===== Source material

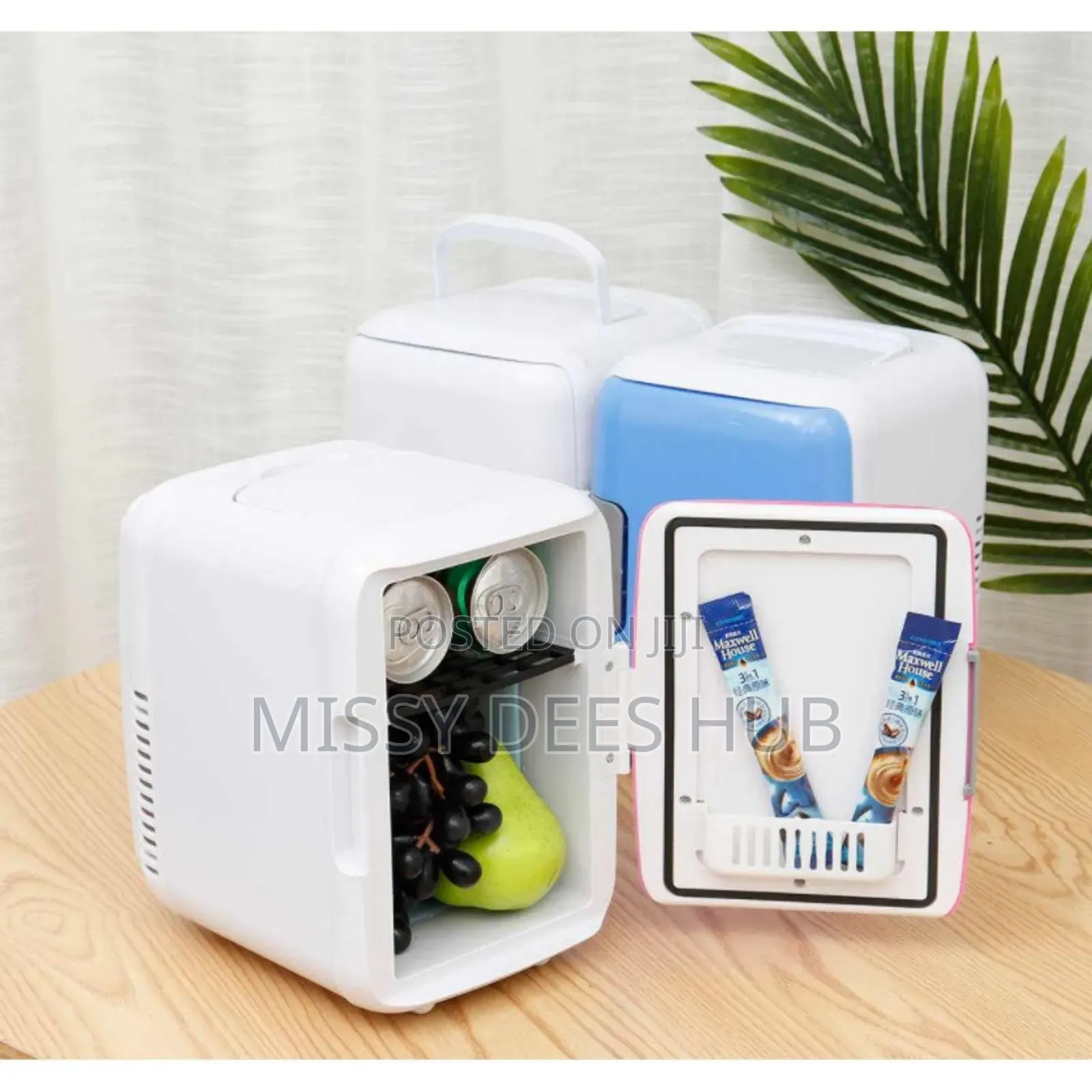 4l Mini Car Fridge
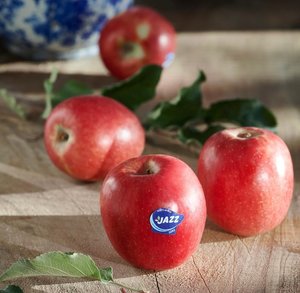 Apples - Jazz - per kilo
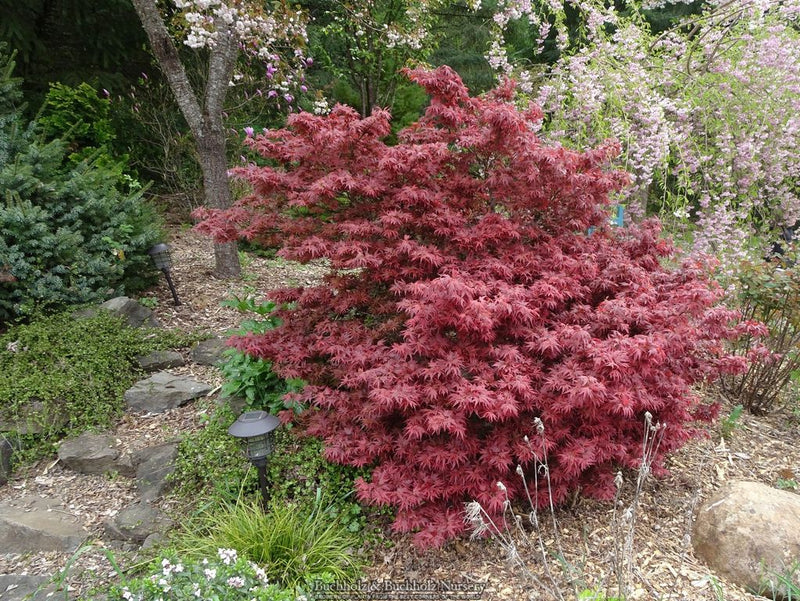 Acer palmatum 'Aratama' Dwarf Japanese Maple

==========

■ Work instruction
Pictures aside, please output the whole listing exactly as it appears above.

■ Response to this exercise
 4l Mini Car Fridge
 Apples - Jazz - per kilo
 Acer palmatum 'Aratama' Dwarf Japanese Maple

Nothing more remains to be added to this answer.